Monday, July 12, 2010

Shouldn’t Cell Phone Mania be Kept within Limits?

Almost twenty seven years passed, when the first commercial wireless call was made and it was Oct. 13, 1983, at Soldier Field, where Ameritech Mobile, now part of Verizon Wireless, made the call from a Motorola DynaTAC 8000X known as the "brick" phone. The phone priced $3,995, was 13 inches long, and weighed 1.75 pounds.

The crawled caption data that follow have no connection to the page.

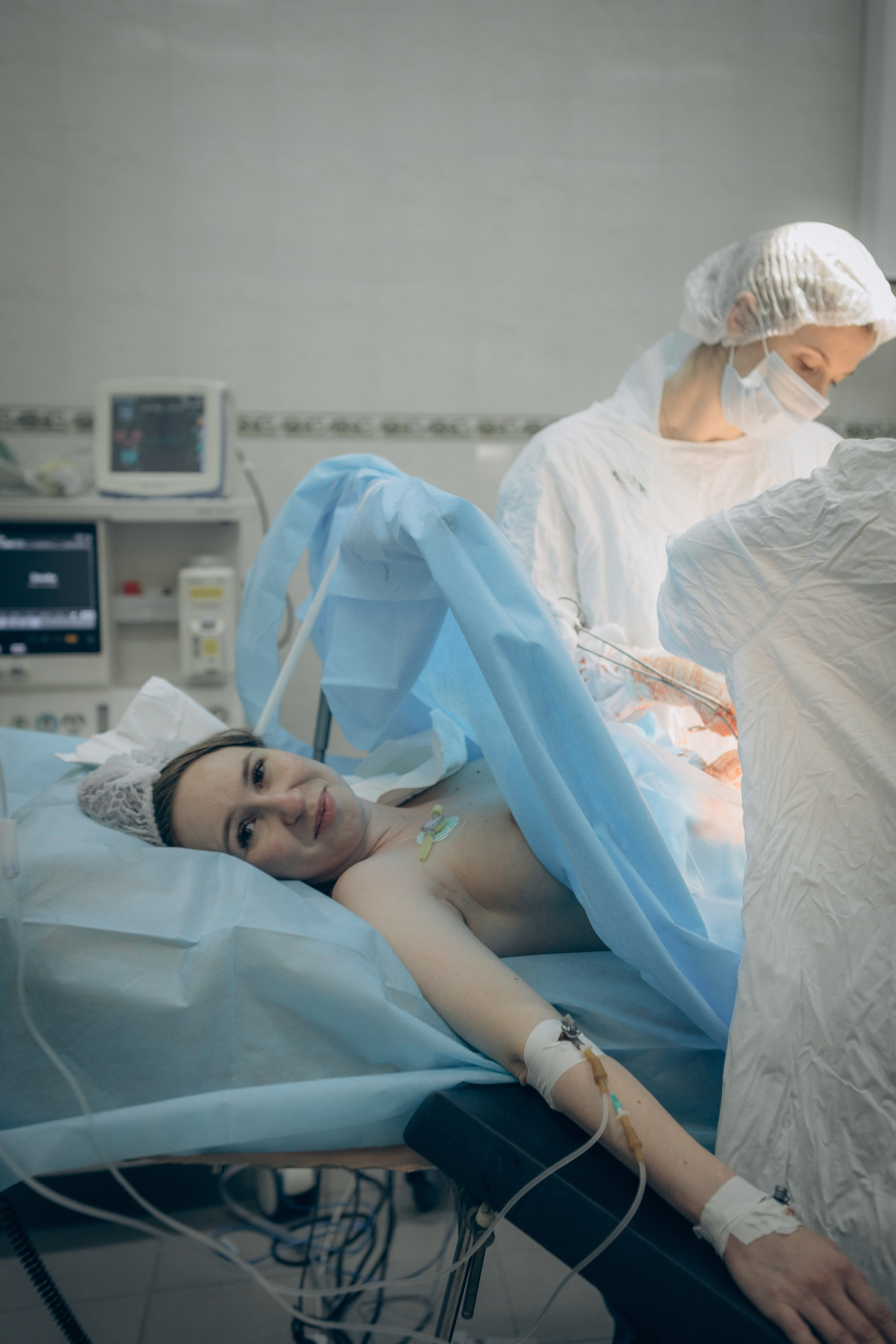 Рождение Софьи. Семейный фотограф и фотограф на роды в Ростове-на-Дону Мухина Виктория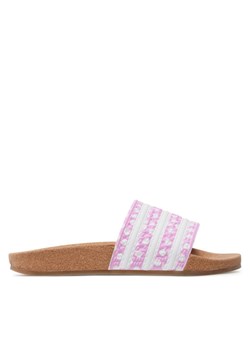 Klapki adidas adilette W GX9483 Różowy ze sklepu eobuwie.pl w kategorii Klapki damskie - zdjęcie 182059009
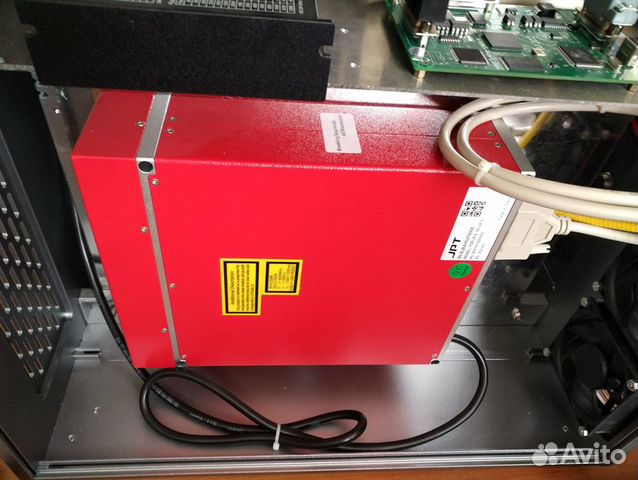 Ремонт волоконных лазеров, диагностика источников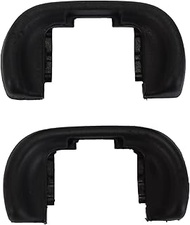 2 Pack EP-10 Camera Eyecup Eyepiece Replacement Viewfinder for OMD EM-10 Mark III II, E-M5 Mark III 
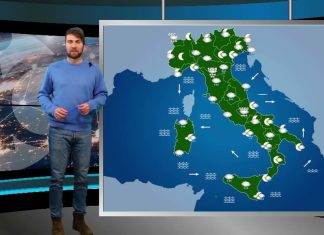 Le previsioni meteo del weekend
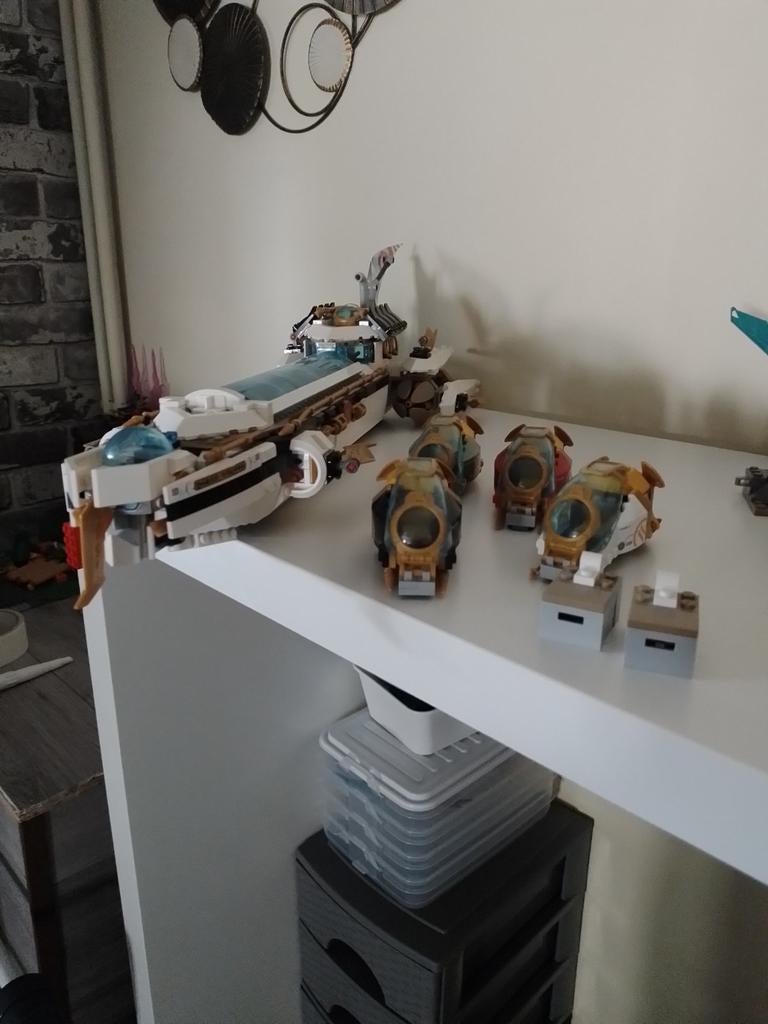 Lego set ninjago Hydro Bounty, Kinderen en Baby's, Speelgoed | Duplo en Lego, Ophalen, Lego, Ninjago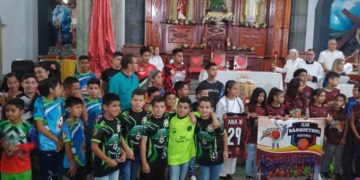 Atletas de Boconó celebraron con una eucaristía el Día del Deporte 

With the advent of cell phones world has become quite small and easily accessible, however cell phones have always been instigating debates among the people about their advantages and disadvantages. The cell phones have numerous uses ranging from business work, means for entertainment, research work, and ensuring security. However, it is estimated that for a commoner, 90% calls are completely unnecessary, and another 5% are less than urgent and could wait until later. There are also plenty of narcissistic pinheads who can't make a trip to a grocery store, to a movie, to mosque/other religious place, or anywhere else without hearing themselves talk on the phone. Some of them can't even sit through a traffic light without placing a call. In the worst case, there are those self-important egotists who do not and will not turn off their phones at a places where switching off their mobiles is mandatory.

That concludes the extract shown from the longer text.